## [Activity]
Only the lines from the one holding "Villa Manoir - Costa" through the end of the material are to be repeated, exactly and without pictures.

## [Data to use]
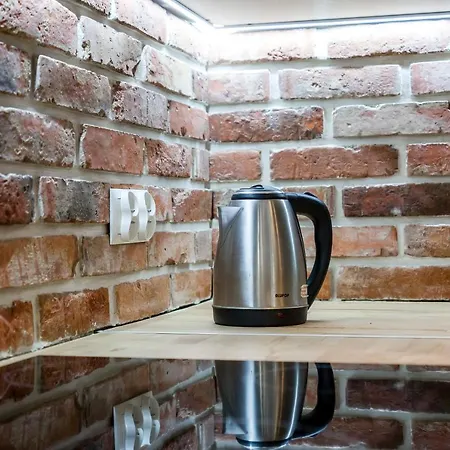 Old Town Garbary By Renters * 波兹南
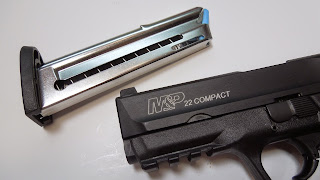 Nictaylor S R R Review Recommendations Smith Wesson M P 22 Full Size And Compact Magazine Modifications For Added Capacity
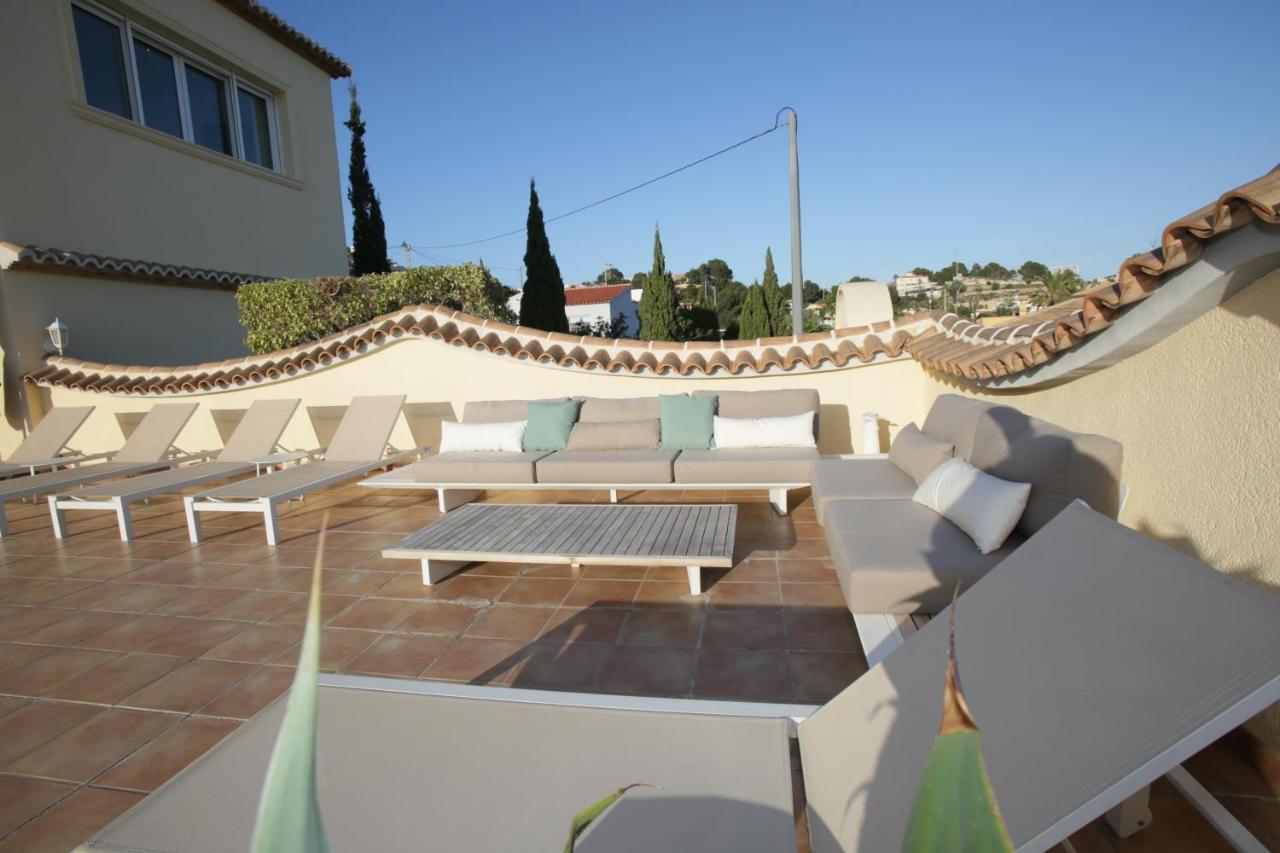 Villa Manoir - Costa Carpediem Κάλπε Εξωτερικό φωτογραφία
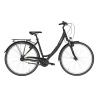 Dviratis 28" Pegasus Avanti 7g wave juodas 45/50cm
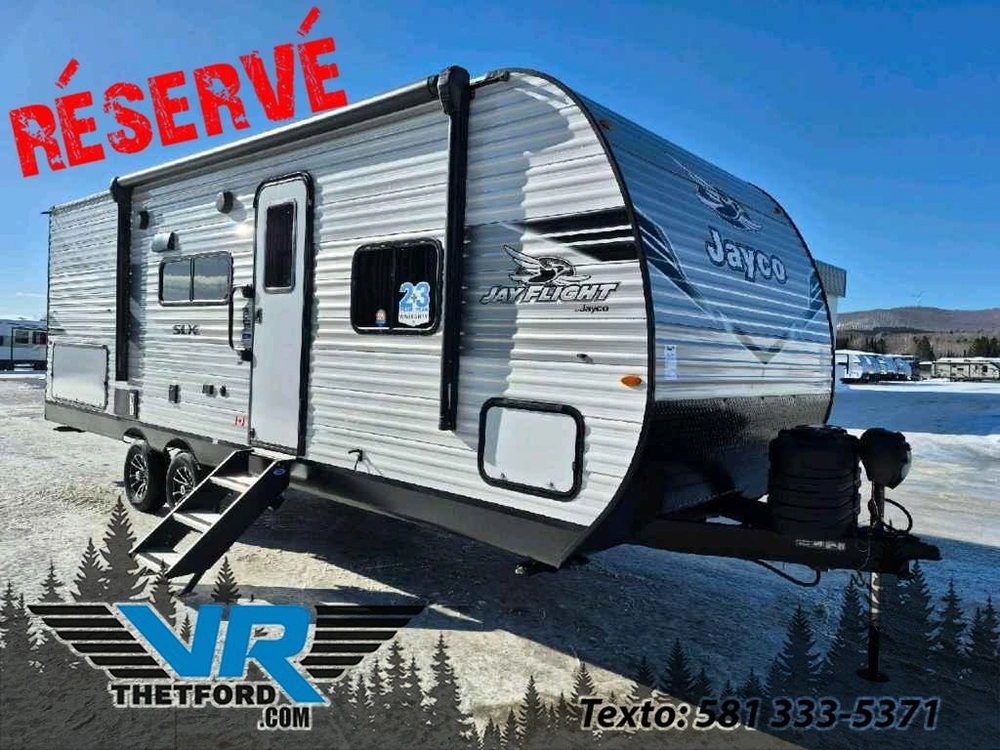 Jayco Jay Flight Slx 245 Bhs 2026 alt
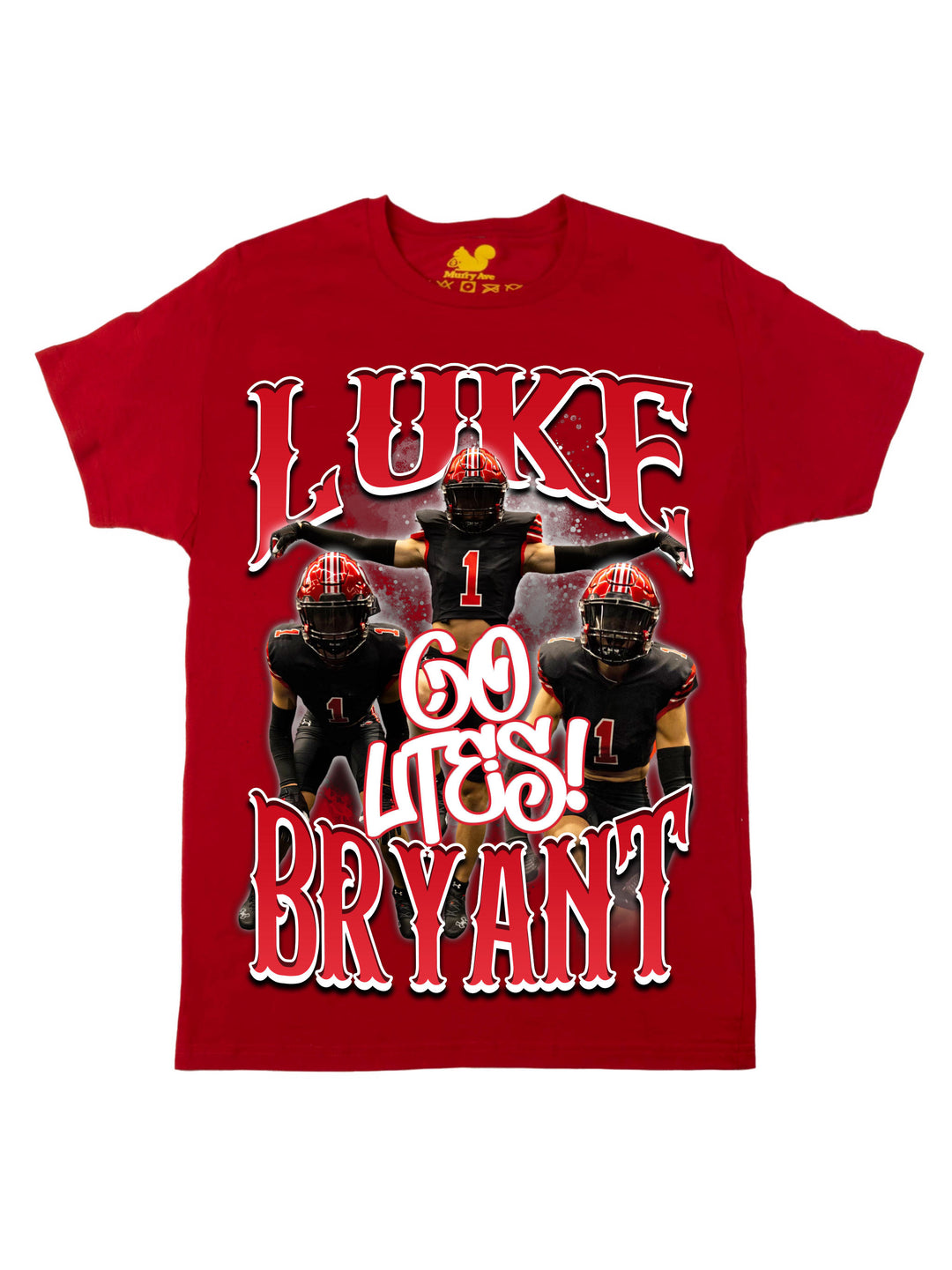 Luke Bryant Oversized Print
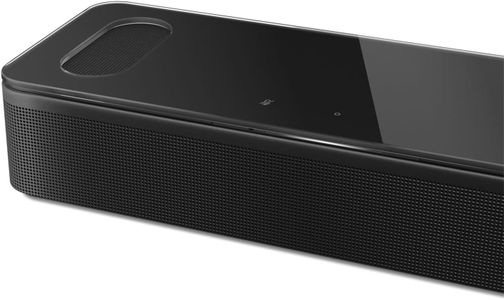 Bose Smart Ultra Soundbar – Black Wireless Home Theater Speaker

## [Response to the task]
 Villa Manoir - Costa Carpediem Κάλπε Εξωτερικό φωτογραφία
 Dviratis 28" Pegasus Avanti 7g wave juodas 45/50cm
 Jayco Jay Flight Slx 245 Bhs 2026 alt
 Luke Bryant Oversized Print
 Bose Smart Ultra Soundbar – Black Wireless Home Theater Speaker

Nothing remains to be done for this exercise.